Proposer le solide de la foi, pour résister à notre monde « liquide » !

23 novembre 2017 : Saint Colomban (✝ 615) (Frère Xavier)

Le 11 juin 2008, Benoît XVI a dressé un portrait de saint Colomban. Né en Irlande en 543, il entra vers ses 20 ans au monastère de Bangor. La vie monastique qu’il y suivit et l’exemple de l’abbé Comgall forgèrent la conception du monachisme qu’il fixa et diffusa plus tard. Vers 50 ans environ Colomban quitta l’Irlande « pour entreprendre avec douze compagnons une mission sur le continent, où les grandes migrations germaniques avaient fait retomber des régions entières dans le paganisme« . Leur ré-évangélisation était basée sur l’exemple de vie, « nombre de jeunes demandèrent à entrer dans la communauté, rendant nécessaire la constitution d’un second monastère«  à Luxeuil, qui devint centre monastique et missionnaire de tradition irlandaise en Europe. Bientôt fut fondée une troisième maison, à Fontaine, tandis que saint Colomban allait vivre une vingtaine d’années à Luxeuil. Il y rédigea sa Regula Monachorum, la seule des anciennes règles irlandaises parvenue jusqu’à nous. Il introduisit notamment « sur le continent la confession personnelle et régulière, ainsi que la pénitence proportionnée à la gravité du péché commis« .

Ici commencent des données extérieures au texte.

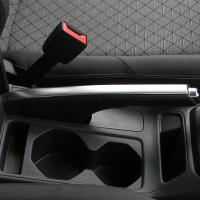 Cubierta De Freno De Mano Para Coche En Acero Inoxidable Para Volkswagen VW T-Cross Tcross 2018-2023 Accesorios De Estilo - details 1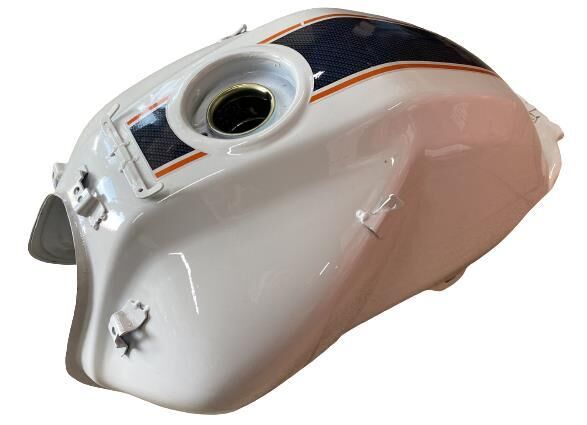 TVS RTR180 BENZİN DEPOSU BEYAZ ORJİNAL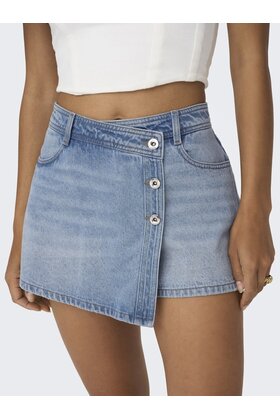 ONLLESLY REG LB DNM SKORT BJ N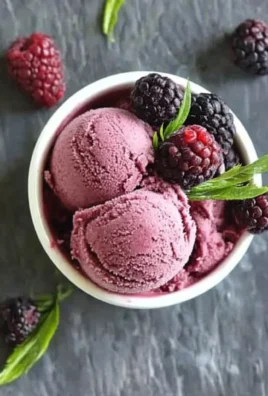 Black Raspberry Sorbet
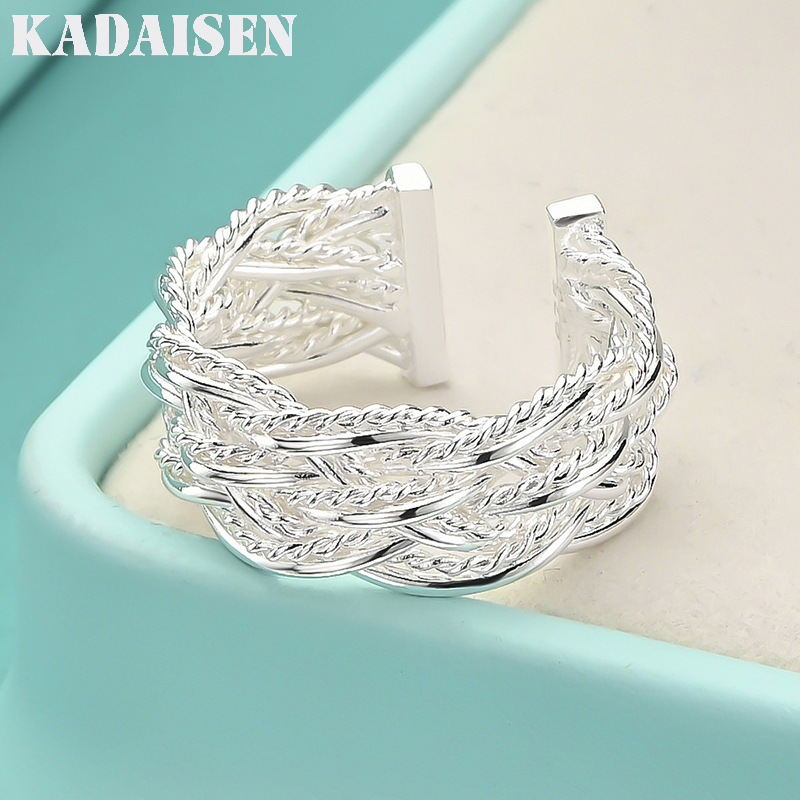 Wedding Job - Penawaran Spesial Cincin Retro Perak Sterling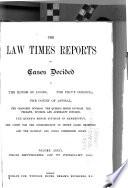 The Law Times Reports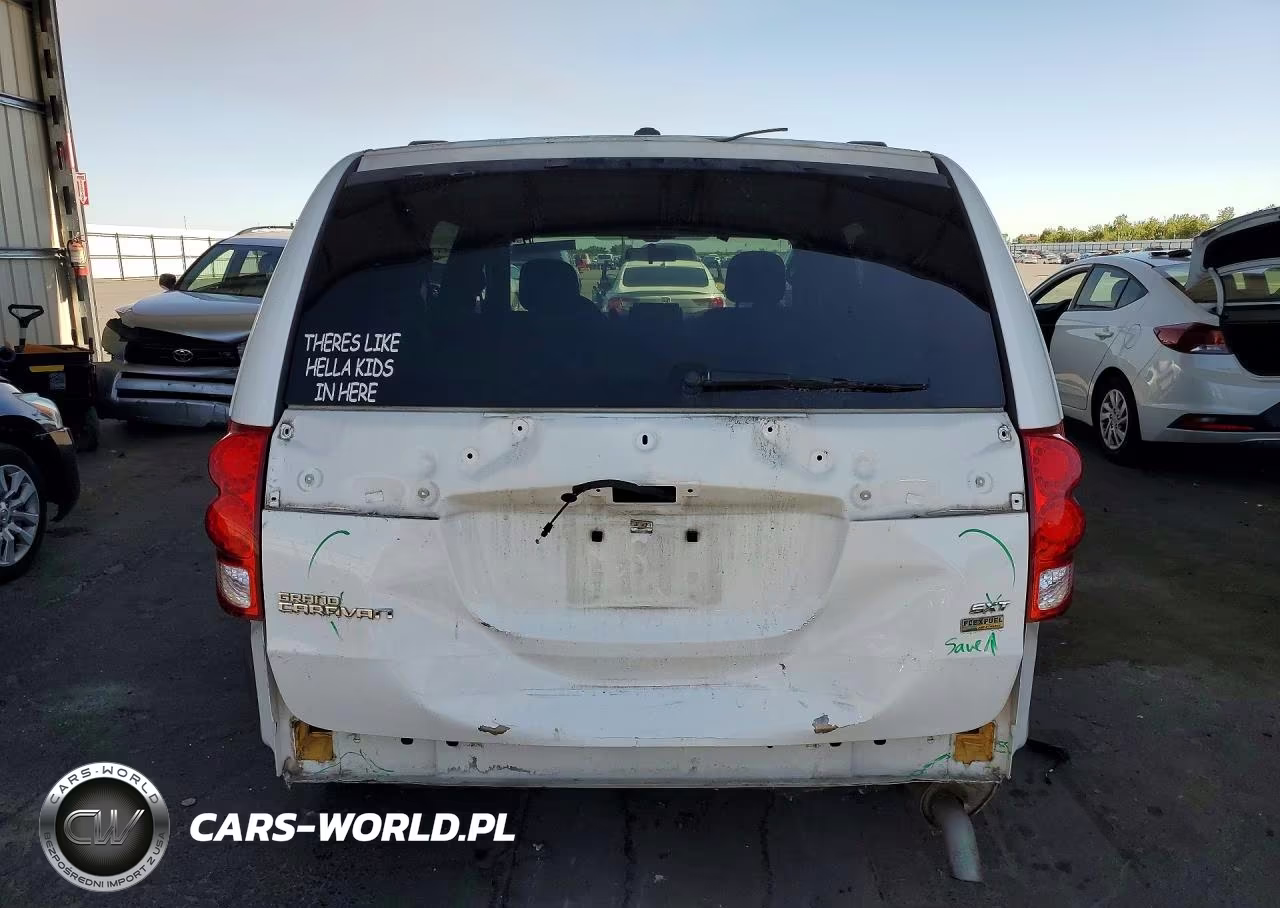2016 Dodge Grand Caravan Sxt VIN:2C4RDGCG5GR384953 - 6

« A cause de sa sévérité sur les questions morales, il entra en conflit avec la famille royale, ayant vivement admonesté le roi Thierry pour ses relations adultérines… En 610, il fut expulsé de Luxeuil avec ses moines irlandais, condamnés définitivement à l’exil« . Rapatriés par mer, leur bateau échoua près du rivage et, plutôt que de rentrer à Luxeuil, le groupe « décida d’entreprendre une nouvelle aventure d’évangélisation » d’abord à Tuggen, sur le lac de Zurich, puis près de Bregenz, sur le lac de Constance, en vue d’évangéliser les Alamans. Ayant ensuite passé les Alpes, Colomban fut favorablement accueilli par la cour lombarde. « Il dut immédiatement faire face à de graves difficultés. La vie de l’Eglise était empoisonnée par l’arianisme dominant chez les lombards, et un schisme avait détaché de la communion avec l’Evêque de Rome la plus grande partie de l’Eglise d’Italie du nord« . Saint Colomban « rédigea alors un libelle contre cette hérésie et une lettre au Pape Boniface IV l’encourageant à œuvrer activement au rétablissement de l’unité ecclésiale« .

Saint Colomban fonda à Bobbio un nouveau monastère qui devint un centre culturel comparable au Mont Cassin de Saint Benoît. Il y acheva sa vie le 23 novembre 615.

 

La vie de Saint Colomban est intéressante à plus d’un titre pour les temps que nous vivons !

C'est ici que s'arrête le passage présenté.